Monica stepped outside and began to think how fast she is moving even when she is standing still.
Assume that the earth is a sphere with a radius of 3960 miles and Monica is at a latitude of 13∘N.
What is Monica's speed due solely to the rotation of the earth in miles per hour?
the radius of the earth at that latitude is
r = 3960 cos13°
so the speed there is 2πr/24 mi/hr
To find Monica's speed due to the rotation of the Earth, we need to consider the Earth's rotation speed and Monica's latitude.

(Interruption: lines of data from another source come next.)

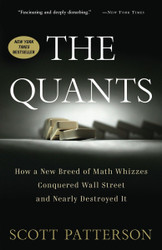 The Quants: How a New Breed of Math Whizzes Conquered Wall Street and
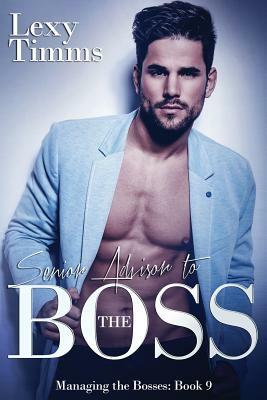 Senior Advisor to the Boss: Billionaire Romance by Lexy Timms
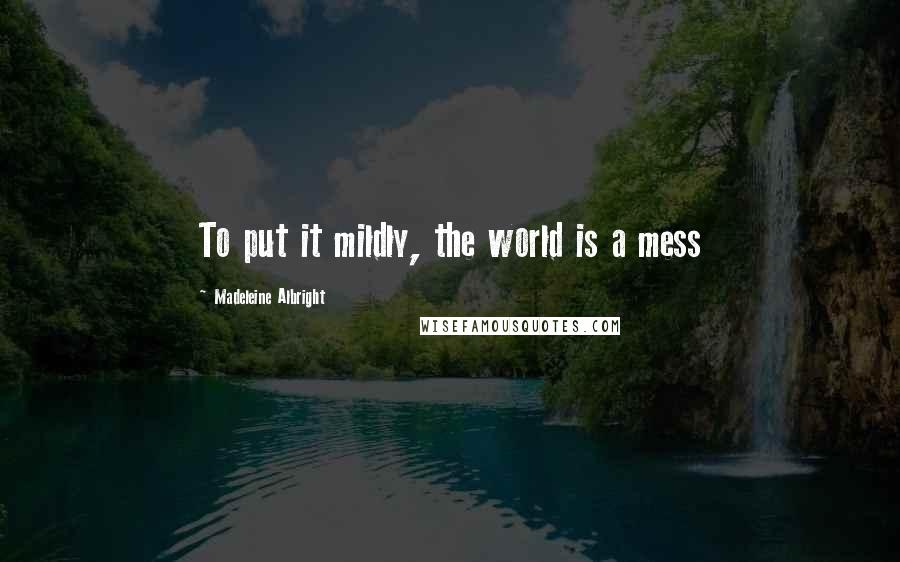 Madeleine Albright Quotes: To put it mildly, the world is a mess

First, we need to determine the rotation speed of the Earth at Monica's latitude. The Earth completes one full rotation in 24 hours, so its rotation speed is 360 degrees per 24 hours, or 15 degrees per hour.
Next, we need to calculate the circumference of the circle traced by Monica's latitude. To do this, we can use the formula:
C = 2πr
where C is the circumference and r is the radius of the Earth.
Substituting the given radius of the Earth (3960 miles), we have:
C = 2π(3960) ≈ 24901.2 miles
Now, to find Monica's speed, we need to determine the distance she travels in 1 hour due to the Earth's rotation. This can be calculated by multiplying the circumference at her latitude by the fraction of the Earth's rotation speed that corresponds to 1 hour:
Speed = (C/24) × (15/360)
Calculating this expression:
Speed = (24901.2/24) × (15/360) ≈ 1036.72 miles per hour
Therefore, Monica's speed due solely to the rotation of the Earth is approximately 1036.72 miles per hour.